Abstract
Recently our business has had great success in developing tools for using full physics simulators in Assisted History Matching (AHM) and prediction of future performance. However, the end user is often left wondering what to do with the large number of forecasts from these studies; any optimisation of the remaining potential has to be done manually.
This paper discusses a method in which the principles of AHM are used to optimise the development. In AHM the practitioner attempts to minimise the error between the observed and simulated data; the ‘objective function’. A large number of ‘geological’ variables to the simulator are sensitised. ‘Control’ variables are used in the predictive work. These are only limited by the scheduling features of the reservoir simulator and would normally be the number and location of development wells; change in facilities constraints; re-completion; workovers etc. The objective function for development optimisation tends to be an economic one, i.e. Net Present Value (NPV) or some other profitability indicator. The method described in this paper has an advanced feature for generating additional results based on the simulator output time series.

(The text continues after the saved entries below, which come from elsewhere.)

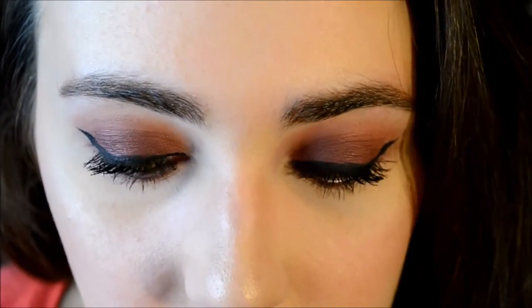That's the finished look! I hope you guys enjoyed it. Make sure to tag me in any pictures if you recreate this look, give it a big thumbs up if you liked it, subscribe, and I will talk to you next Saturday. Bye bye!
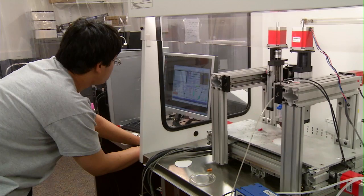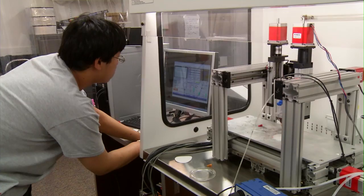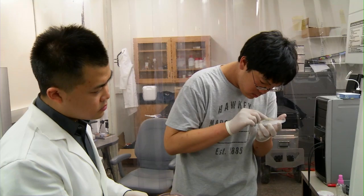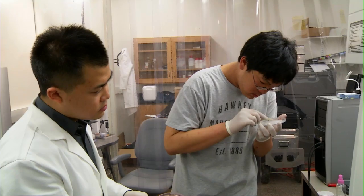Howard built the printer from the ground up, a task he thoroughly enjoyed. He just loves tinkering with things, playing with Legos when he was a little kid. You slowly graduate from Legos to building things out of metal, but that mindset never changes. It's just really cool to get paid to play with Legos all day long. And his work is on the forefront where science, technology, and medicine intersect.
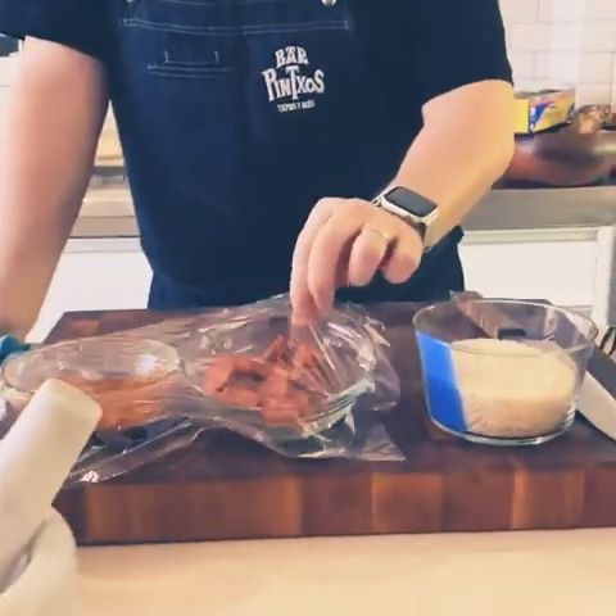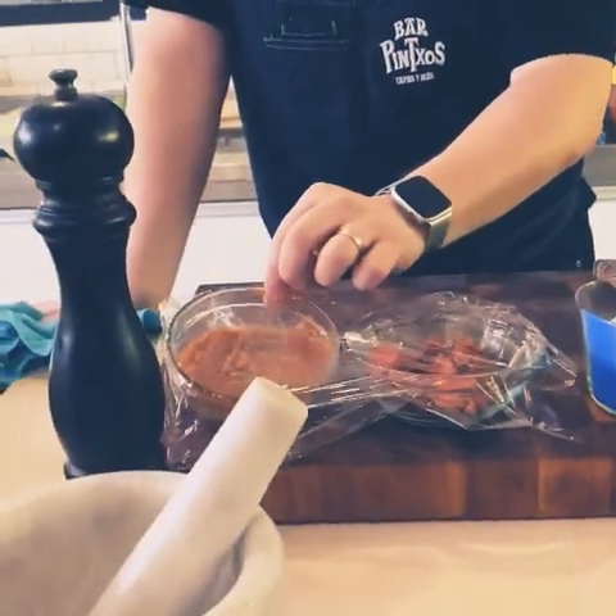Whatever we have lying around — we have rice, chorizo, and chocrito. Chocrito is basically onions, tomatoes, and garlic cooked for a long time.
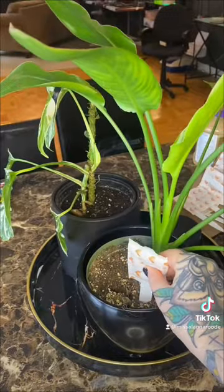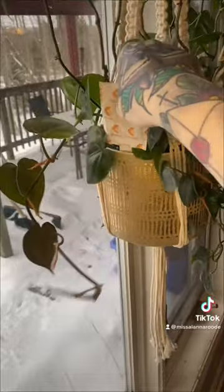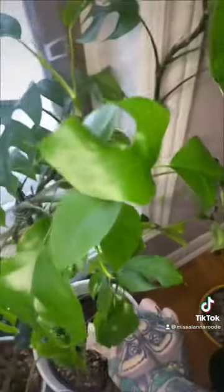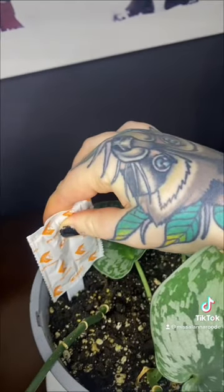These little packets contain predatory mites. Over the span of three to six weeks, they will release and hunt and kill their prey — which, if you didn't get from context clues, is the thrips. What's really cool about this product is not only do the mites eat thrips, but they also eat spider mites, which is helpful.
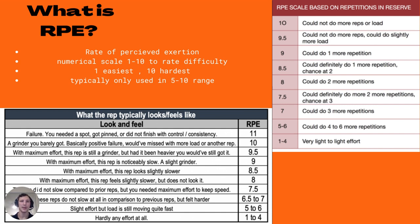Moving to the RPE scale based on reps in reserve: RPE 1 to 4 is very light, minimal effort. At RPE 5 to 6, you have around 4 to 6 more reps left. RPE 7 means you could do 3 more reps; RPE 7.5 you could definitely do 2, maybe 3; RPE 8 means definitely 2 more — and so on. Essentially, whatever you rate the RPE, subtract that from 10 and that's roughly your reps in reserve. Pretty easy to understand.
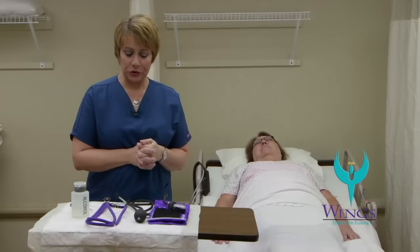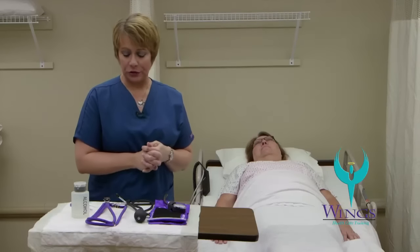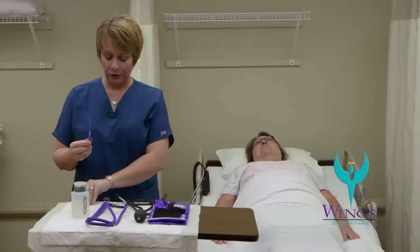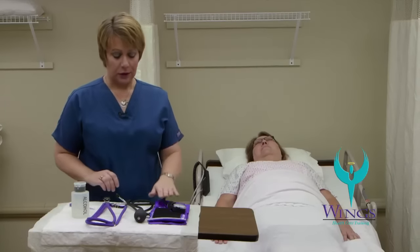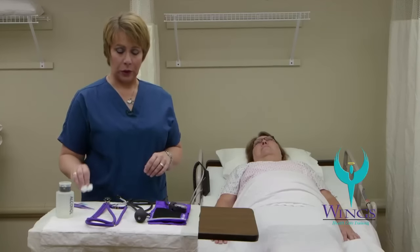The next set of skills is temperature, pulse, and respirations, and taking a blood pressure. The supplies that you'll need are an electronic thermometer, a temperature sheath, a manual blood pressure cuff, stethoscope, alcohol, and cotton balls.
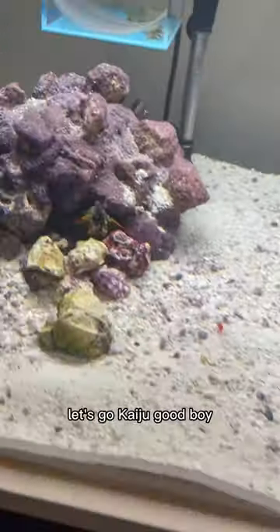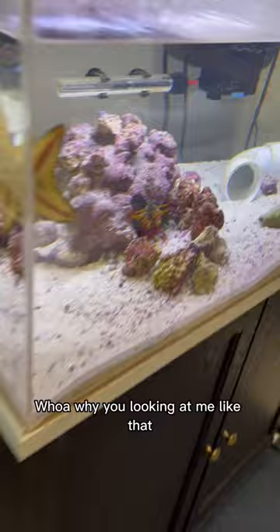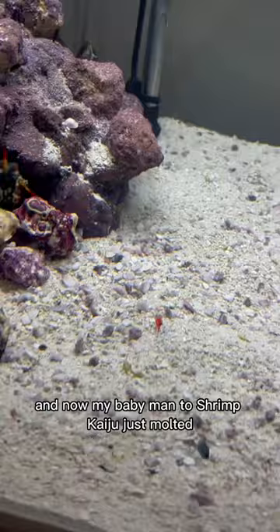Do you guys see that? Let's go, Kaiju! Good boy. So my big mantis shrimp — whoa, why are you looking at me like that? My big mantis shrimp Kaizen molted recently and now my baby mantis shrimp Kaiju just molted. They're on like a molt cycle together or something. That's really interesting.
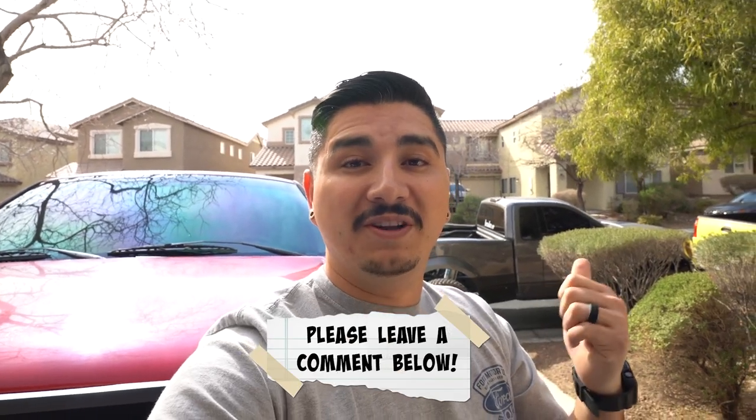If you guys are new to my channel, my name is Adrian. I have two 2004 Ford F-150s — one is like a pre-runner build and the other one's more of a daily driver right behind me. I just make videos working on my trucks and taking them out on adventures. My channel is still relatively new, so if you guys have any ideas or suggestions please leave a comment down below and check out my channel for more videos.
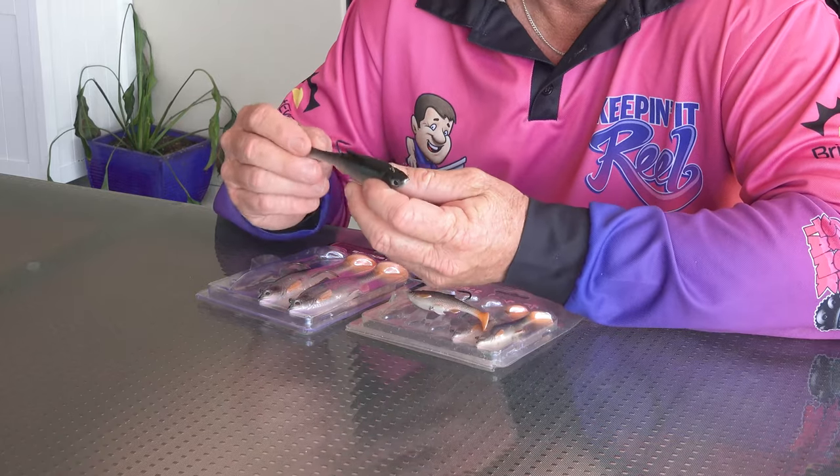Savage Gear aren't sponsors of mine — these are some of my personal favourite lures. Their R&D team is really good. They're focused on making these baits realistic and sturdy. I haven't found a great deal of dramas with them — I haven't had the tails chopped off and they seem to be holding up for me. I've been using these for quite a while now, a couple of years, and haven't had an issue.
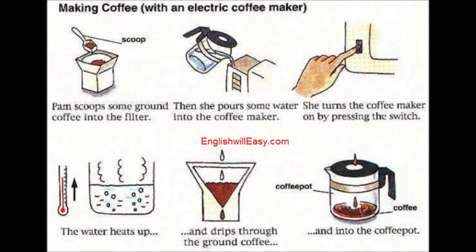Making coffee with an electric coffee maker. Pam scoops some ground coffee into the filter, then pours some water into the coffee maker. She turns the coffee maker on by pressing the switch. The water heats up and drips through the ground coffee and into the coffee pot.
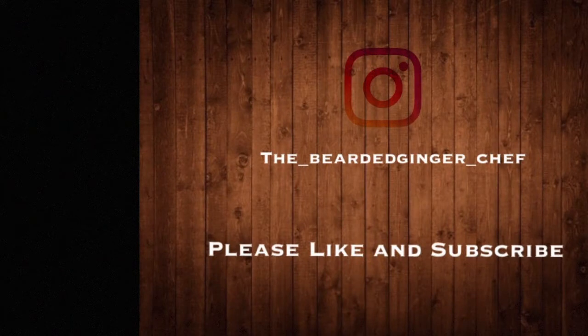Guys, if you like my videos, please do not forget to hit that like and subscribe button. Bearded Chef, out.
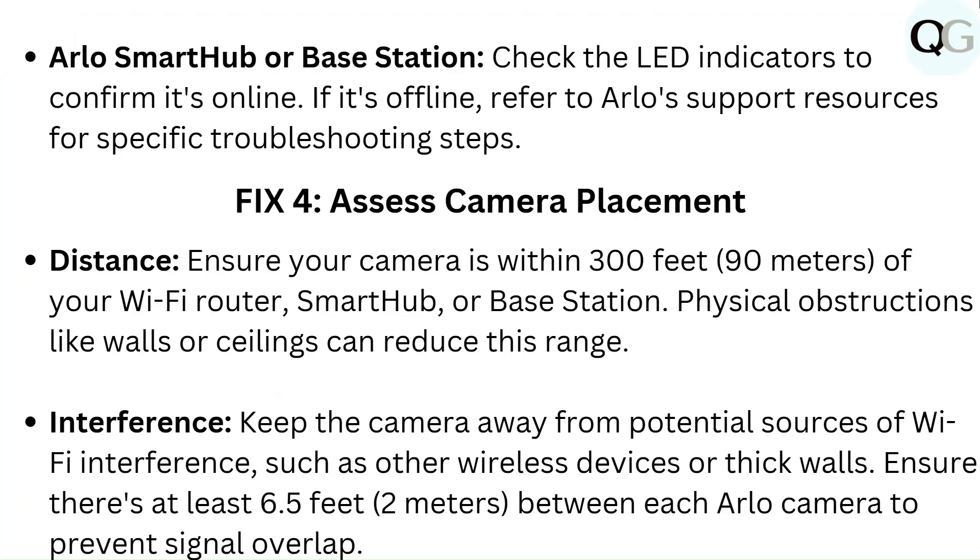Fix 4: Assess camera placement. Ensure your camera is within 300 feet of your Wi-Fi router, Smart Hub, or Base Station. Physical obstructions like walls or ceilings can reduce this range. Keep the camera away from potential sources of Wi-Fi interference such as other wireless devices or thick walls. Ensure there's at least 6.5 feet between each Arlo camera to prevent signal overlap.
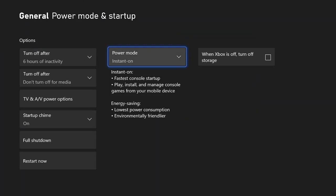The first thing you want to do is make sure your Power Mode is set to Instant On. What that does is it allows your Xbox to go into sleep mode and still use the fastest console startup setting, and lets you play, install, and manage console games from your mobile device. So it allows you to download and update games while your console is essentially off.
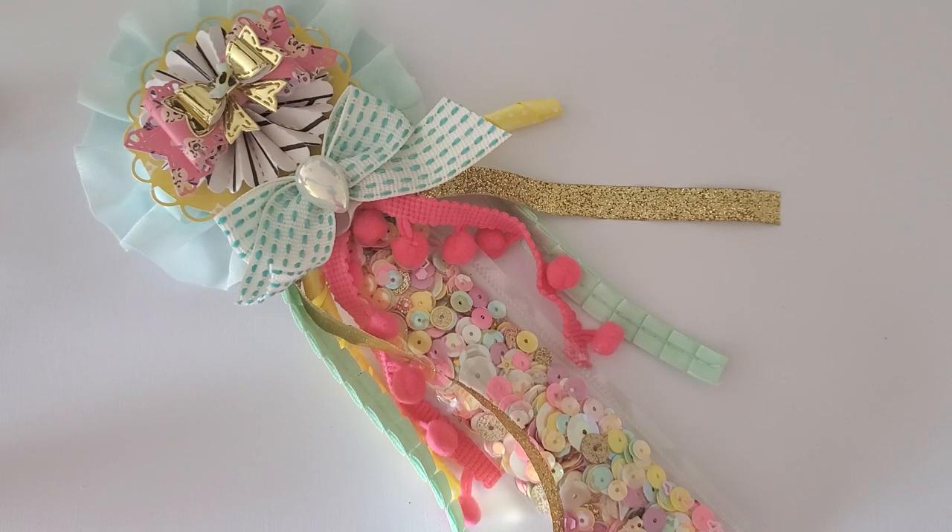Hi guys and welcome back to my channel. This is Tanisha with SheCrafts2, and today I'm here to show you guys how I go about making my sequin mix wands.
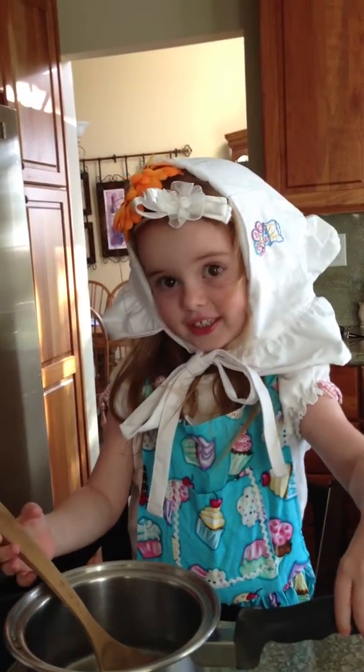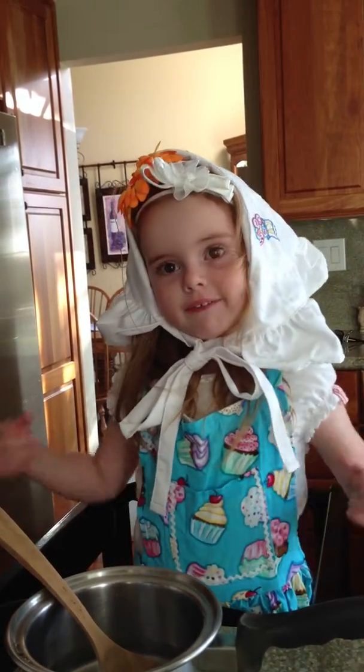What are you wearing on your head again? A mixing hat. A mixing hat. And what else are you wearing? An apron. That's great.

Schedule optimisation is known to be a very difficult problem, not amenable to standard mathematical programming algorithms, and we describe how, in conjunction with the use of a proxy model, we have successfully applied genetic algorithm optimization techniques, to solve the scheduling problem with minimal CPU processing.
The method has been used a number of times and its application is described by some case studies; optimising the number and location of development wells and timing of scheduling events. As a very large number of possible combinations of variables are used the optimisation tends to be less subjective than a manual giving generally better results.